邢念把花了大價錢從姜京墨手中購買的木匣交給了喬曦,更準確的說她這次就是代替喬曦取回自己的東西。

沒錯喬曦就是姜京墨的親生母親,這點收養姜京墨的邢家和喬曦現在組成的家庭都很清楚,但至今為止沒有人打算讓他知道這點。

邢念透過視頻電話的攝像頭看著貌美優雅的貴婦人,不禁為姜京墨感到不值。

在外人眼中她是個溫柔到極點的女子,夫妻和睦、孩子乖巧懂事、擁有一個無條件支持包容她的丈夫,多麽令人羨慕……假如沒有姜京墨的存在的話。

邢念以前聽父親提起過,姜京墨的父母經歷了長達五年的學生時代戀情,本來在大學畢業前夕已經開始談婚論嫁了。但意外發生了,姜京墨的父親因為遭遇意外墜機,喬曦無法接受甚至恨上了剛被檢查出來的遺腹子。

這個女人在剩下了孩子之後就消失了,連名字都沒來得及取。那孩子後來被青梅竹馬也就是邢念的父親收養,連名字都是她父親取的。

想到這裏邢念垂下眼眸,我們也沒有資格去質問她。

再後來邢家出現變故,在某一天背著姜京墨離開了,匆忙地連行李都沒來得及收拾。

說起來他們也是拋棄姜京墨的共犯。

喬曦在幾年前帶著幸福美滿的家庭回來了,大家冰釋前嫌,父親臉上也因為舊友回來,臉上多了好些笑意。

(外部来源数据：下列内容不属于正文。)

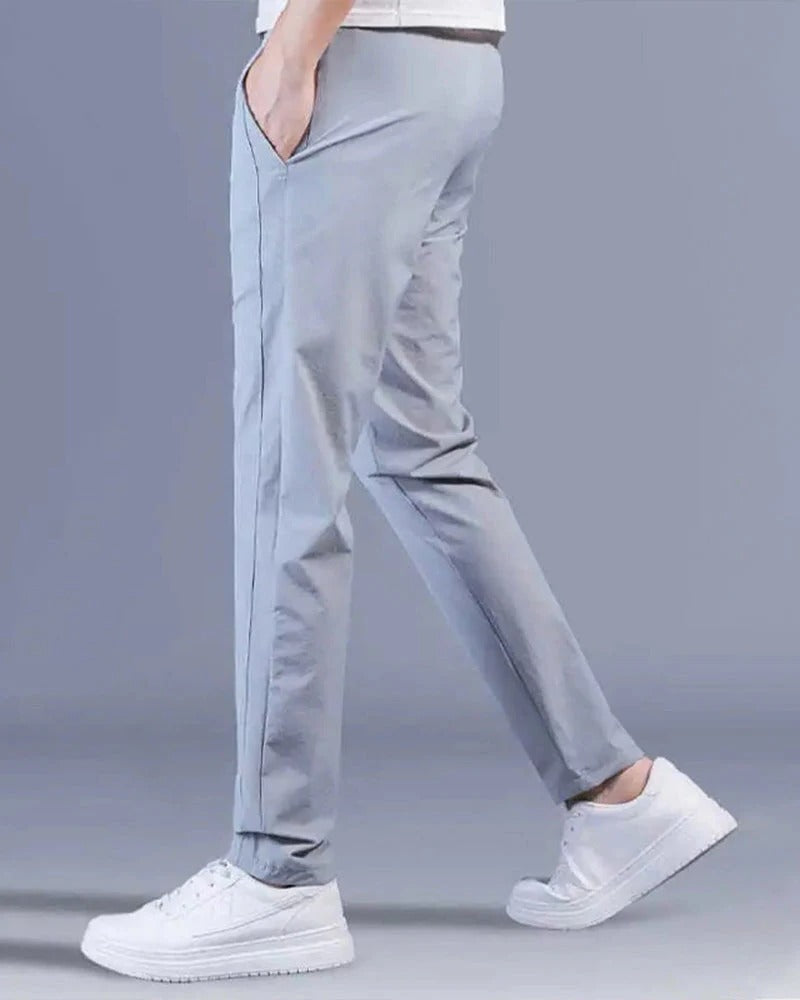 Men's leisure trousers with drawcord waist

就像之前的一切都不存在了。除了被丟下的姜京墨,所有人都回來了……

“怎麽……”喬曦打開盒子翻找,“應該還有一個琥珀石的。念念你有看見嗎?”

邢念搖頭:“沒有,是很重要的東西嗎?”

“算了,不是貴重的東西。找不到就算了。”喬曦笑容有些勉強,像是在回憶著什麽 。

“話說念念你既然到了臨城就好好玩一下,費用我幫你報銷了。以前謝……”喬曦忽然意識到什麽,重新說道:“以前我一直想去,結果手續一直過不了,沒去成功。”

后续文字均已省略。